ENTRIES PROVIDED section start

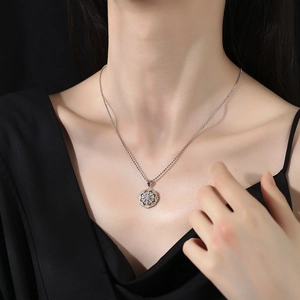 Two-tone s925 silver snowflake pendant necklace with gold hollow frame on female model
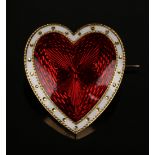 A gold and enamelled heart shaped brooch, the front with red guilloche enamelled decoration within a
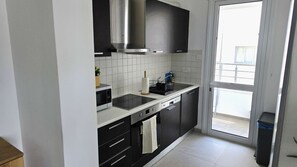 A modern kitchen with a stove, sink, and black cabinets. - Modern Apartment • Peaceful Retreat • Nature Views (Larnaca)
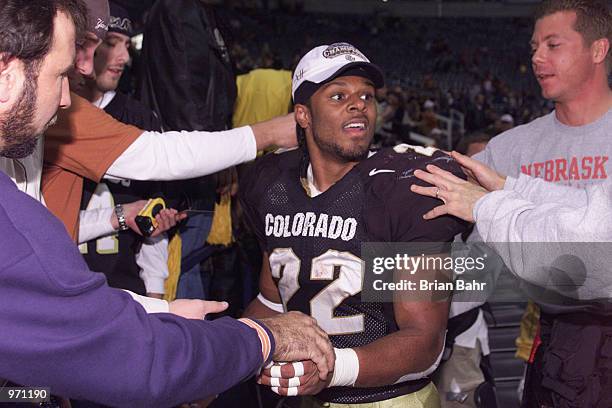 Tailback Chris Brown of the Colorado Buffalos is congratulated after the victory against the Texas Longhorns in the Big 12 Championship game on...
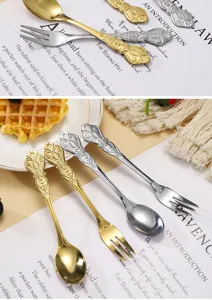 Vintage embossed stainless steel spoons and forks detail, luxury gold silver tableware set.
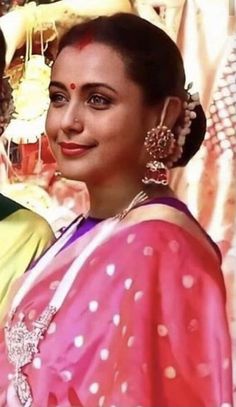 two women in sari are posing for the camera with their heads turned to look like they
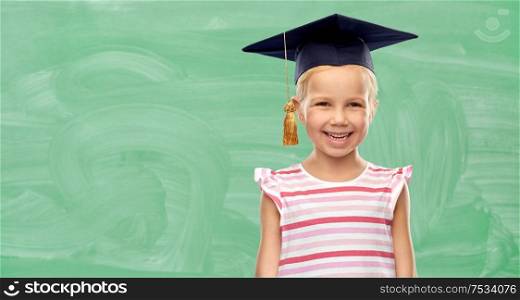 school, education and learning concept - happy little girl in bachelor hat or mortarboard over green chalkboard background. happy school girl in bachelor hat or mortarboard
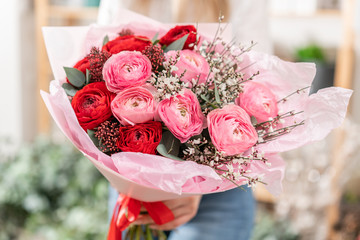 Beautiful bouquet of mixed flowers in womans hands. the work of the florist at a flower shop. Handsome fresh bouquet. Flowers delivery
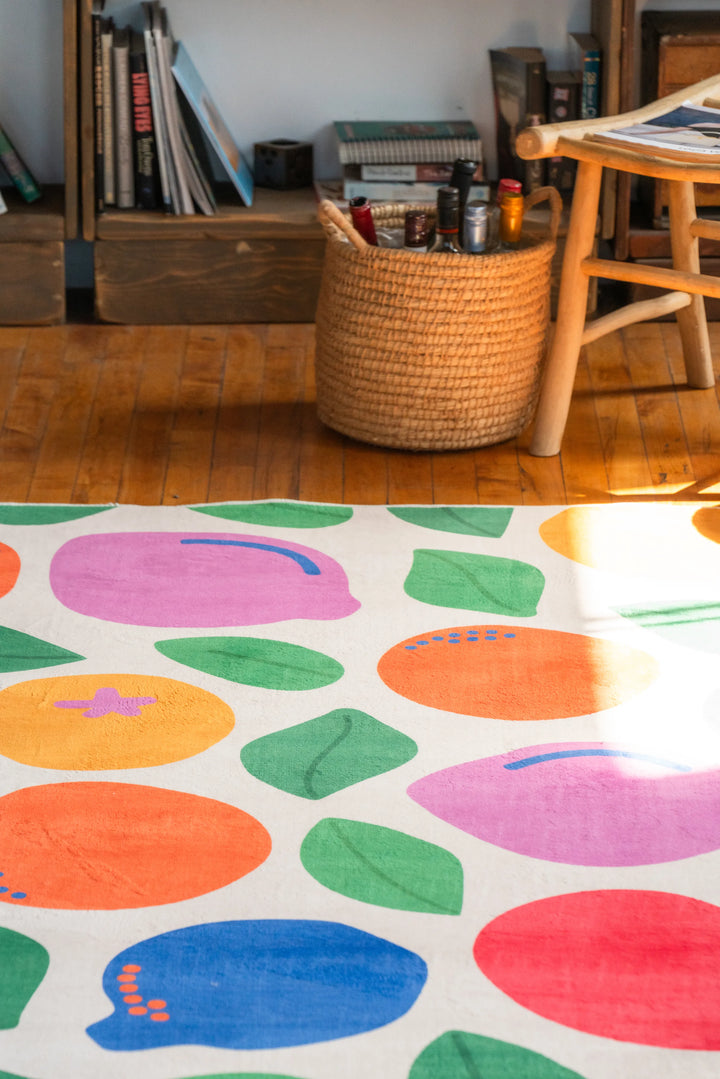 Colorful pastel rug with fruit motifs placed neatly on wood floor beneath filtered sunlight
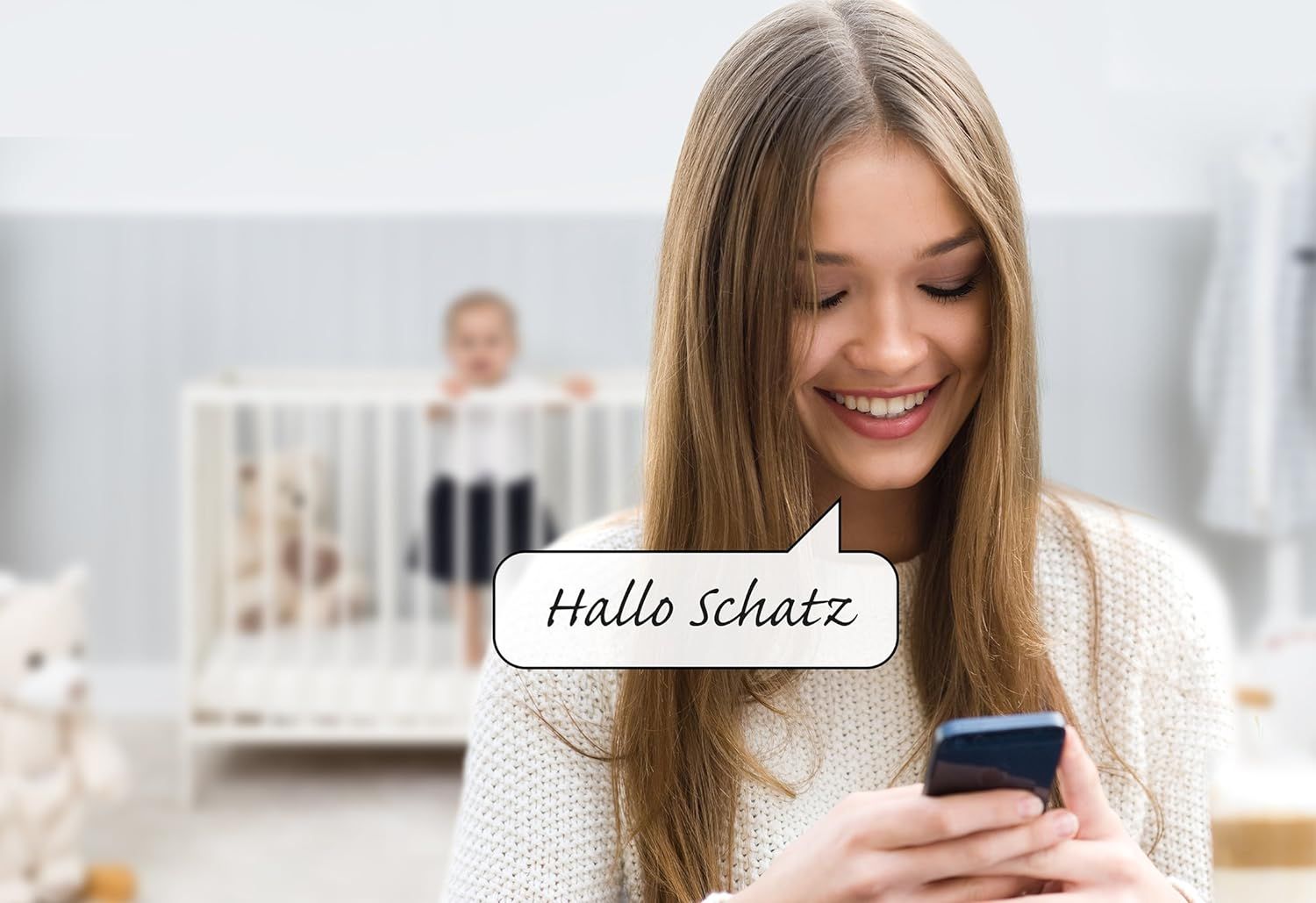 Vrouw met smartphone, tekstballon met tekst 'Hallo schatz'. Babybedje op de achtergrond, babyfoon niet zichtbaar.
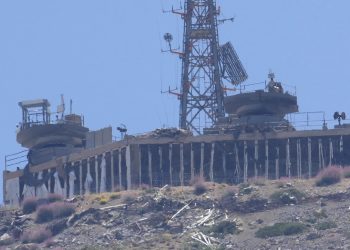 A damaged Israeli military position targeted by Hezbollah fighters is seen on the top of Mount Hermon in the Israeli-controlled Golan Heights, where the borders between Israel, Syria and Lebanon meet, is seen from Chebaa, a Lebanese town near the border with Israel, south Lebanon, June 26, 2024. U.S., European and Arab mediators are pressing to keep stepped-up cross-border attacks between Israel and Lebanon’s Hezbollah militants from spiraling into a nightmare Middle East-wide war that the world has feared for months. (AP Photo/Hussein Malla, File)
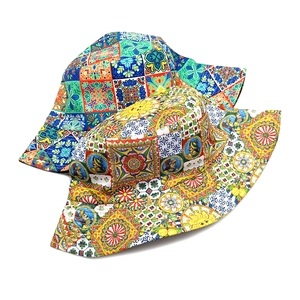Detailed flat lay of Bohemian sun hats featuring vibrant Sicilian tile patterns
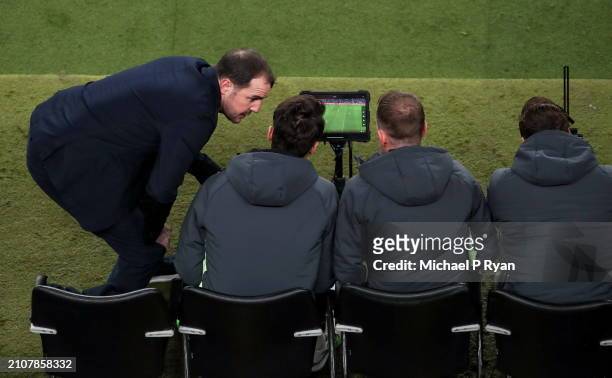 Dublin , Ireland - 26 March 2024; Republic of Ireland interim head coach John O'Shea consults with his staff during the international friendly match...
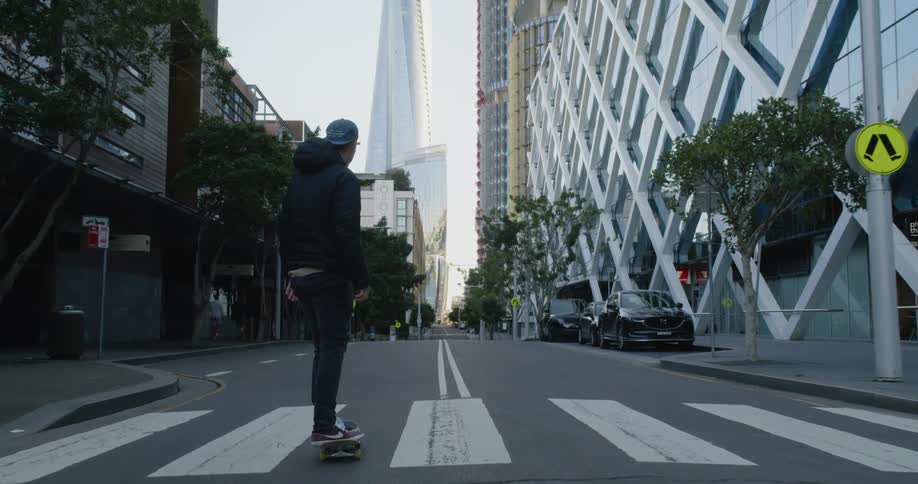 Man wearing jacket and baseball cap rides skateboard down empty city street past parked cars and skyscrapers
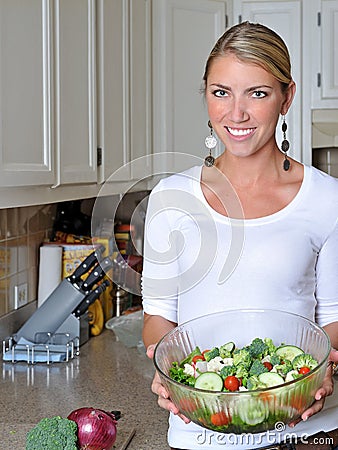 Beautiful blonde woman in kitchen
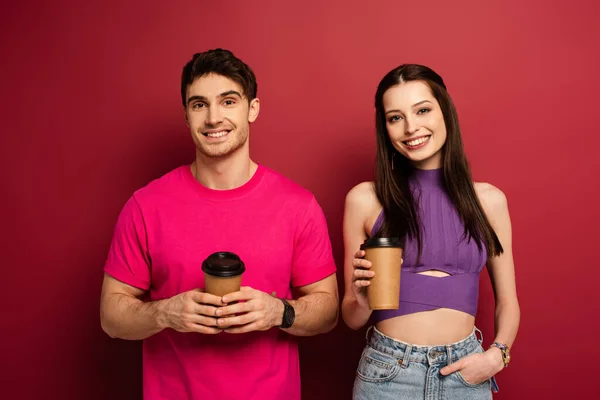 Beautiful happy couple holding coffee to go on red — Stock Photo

ENTRIES PROVIDED section end

ASSIGNMENT -> When you retype the material above, keep every word exact and drop the images.

PROBLEM SOLUTION ->
 Two-tone s925 silver snowflake pendant necklace with gold hollow frame on female model
 A gold and enamelled heart shaped brooch, the front with red guilloche enamelled decoration within a
 A modern kitchen with a stove, sink, and black cabinets. - Modern Apartment • Peaceful Retreat • Nature Views (Larnaca)
 Tailback Chris Brown of the Colorado Buffalos is congratulated after the victory against the Texas Longhorns in the Big 12 Championship game on...
 Vintage embossed stainless steel spoons and forks detail, luxury gold silver tableware set.
 two women in sari are posing for the camera with their heads turned to look like they
 school, education and learning concept - happy little girl in bachelor hat or mortarboard over green chalkboard background. happy school girl in bachelor hat or mortarboard
 Beautiful bouquet of mixed flowers in womans hands. the work of the florist at a flower shop. Handsome fresh bouquet. Flowers delivery
 Colorful pastel rug with fruit motifs placed neatly on wood floor beneath filtered sunlight
 Vrouw met smartphone, tekstballon met tekst 'Hallo schatz'. Babybedje op de achtergrond, babyfoon niet zichtbaar.
 A damaged Israeli military position targeted by Hezbollah fighters is seen on the top of Mount Hermon in the Israeli-controlled Golan Heights, where the borders between Israel, Syria and Lebanon meet, is seen from Chebaa, a Lebanese town near the border with Israel, south Lebanon, June 26, 2024. U.S., European and Arab mediators are pressing to keep stepped-up cross-border attacks between Israel and Lebanon’s Hezbollah militants from spiraling into a nightmare Middle East-wide war that the world has feared for months. (AP Photo/Hussein Malla, File)
Detailed flat lay of Bohemian sun hats featuring vibrant Sicilian tile patterns
 Dublin , Ireland - 26 March 2024; Republic of Ireland interim head coach John O'Shea consults with his staff during the international friendly match...
 Man wearing jacket and baseball cap rides skateboard down empty city street past parked cars and skyscrapers
 Beautiful blonde woman in kitchen
 Beautiful happy couple holding coffee to go on red — Stock Photo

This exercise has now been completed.